A building is formed of 4 rooms with the dimensions (Figure 1):

• \(L = 6, \, l = 3\, \mathrm{m}\), lengths,

• \(H = 3 \, \mathrm{m}\), height.

• \(w = 0.20 \, \mathrm{m}\), width of the walls.

Figure 1. Plan of the building

The thermal conductivity of the walls is \(\lambda = 1.7 \, \mathrm{W/(m \, K)}\).

The convective heat coefficients between the walls and the indoor and outdoor air are \(h_i = 8 \, \mathrm{W/(m^2 \, K)}\) and \(h_o = 25 \, \mathrm{W/(m^2 \, K)}\) respectively.

The short-wave solar radiation absorbed by each wall is \(E = 200 \, \mathrm{W/m^2}\).

The outdoor temperature is \(T_o = 0 \, \mathrm{°C}\).

Questions

1. Let’s consider that all four rooms are controlled by a HVAC system at the setpoint temperatures 20 °C, 20 °C, 22 °C, 18 °C for rooms 1, 2, 3, and 4, respectively and that there is no solar radiation on the walls. Find the thermal loads of the four rooms.

2. From now on, let’s consider that there is solar radiation absorbed by the walls and that rooms 1 and 3 are controlled by a HVAC system while rooms 2 and 4 are in “free-running”. Find the thermal loads of rooms 1 and 3 and the temperatures of the indoor air of rooms 2 and 4.

3. Room 2 in ventilated with an air-flow rate of \(ACH = 1 \, \mathrm{volume /hour}\) (ACH is the number of air-changes per hour). The density and specific heat of the air are \(\rho = 1.2 \, \mathrm{kg/m^3}\) and \(c = 1000 \, \mathrm{J/(kg \, K)}\), respectively. The outdoor air enters in room 2, then is moves to room 4 and, from here, it gets outdoors. Find the thermal loads of rooms 1 and 3 and the temperatures of the indoor air of rooms 2 and 4.
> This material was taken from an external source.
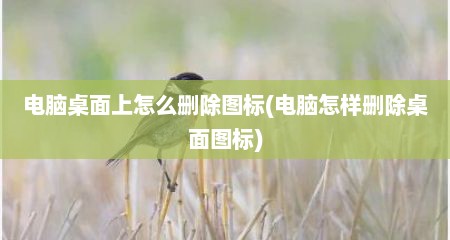 电脑桌面上怎么删除图标(电脑怎样删除桌面图标)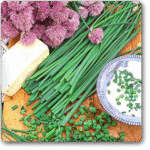 Chives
4. The air-flow in room 2 is reversed: from outdoors, the air enters in room 4, then it moves to room 2, from which it gets outdoors. Considering that the air flow rate of room 2 is the same as before (i.e., \(ACH = 1 \, \mathrm{volume /hour}\)), find the thermal loads of rooms 1 and 3 and the temperatures of the indoor air of rooms 2 and 4.

import numpy as np

np.set_printoptions(precision=1)

# Data
# ====
# dimensions
L, l, H, w = 6, 3, 3, 0.20  # m

# thermo-physical propertites
λ = 1.7             # W/(m K) wall thermal conductivity
ρ, c = 1.2, 1000    # kg/m3, J/(kg K) density, specific heat air
hi, ho = 8, 25      # W/(m2 K) convection coefficients in, out

# short-wave solar radiation absorbed by each wall
E = 200             # W/m2

# outdoor temperature
To = 0              # °C

# ventilation rate (air-changes per hour)
ACH = 1             # volume/h

Thermal model

The volumetric flow rate of air circulating in room 2 results from the ventilation rate:

\[\dot V = L·l·H·\frac{ACH}{3600 \, \mathrm{s}}\]
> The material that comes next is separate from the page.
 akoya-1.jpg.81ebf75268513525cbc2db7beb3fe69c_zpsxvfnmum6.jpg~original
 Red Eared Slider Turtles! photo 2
The mass flow rate of air entering and getting out of room 2 is:

\[\dot m = \rho \dot V\]

V_dot = L * l * H * ACH / 3600  # volumetric air flow rate
m_dot = ρ * V_dot               # mass air flow rate

Thermal conductances

In the model, we will consider the conductances:

• \(h \, S\) - convection, W/K;

• \(\lambda / w \, S\) - conduction, W/K;

• \(\dot m c\) - advection, W/K;

• \(K_p\) - gain of the proportional controller, W/K.
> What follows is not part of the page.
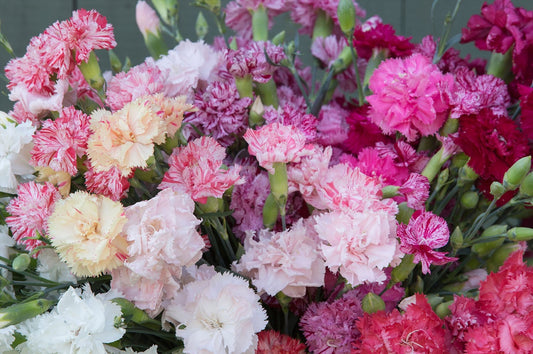 Carnation Mix Chabaud - Dianthus caryophyllus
Note: in determining the surface area of the walls, \(S = L·l·H\), the length of the walls are the indoor values.

We will consider the conductances of exterior and the interior walls (Figure 2). The exterior walls are modelled with a conductance for outdoor convection (cyan in Figure 2) and an equivalent conductance for conduction in the wall and indoor convection (blue in Figure 2). The indoor walls are modelled by an equivalent conductance for indoor convection, conduction, and indoor convection on the other side.

Figure 2. Walls forming thermal conductances in the model.

Thermal network

The thermal network modeling the building is a weighted directed graph (Figure 3). It is composed of edges (or branches) and vertexes (or nodes).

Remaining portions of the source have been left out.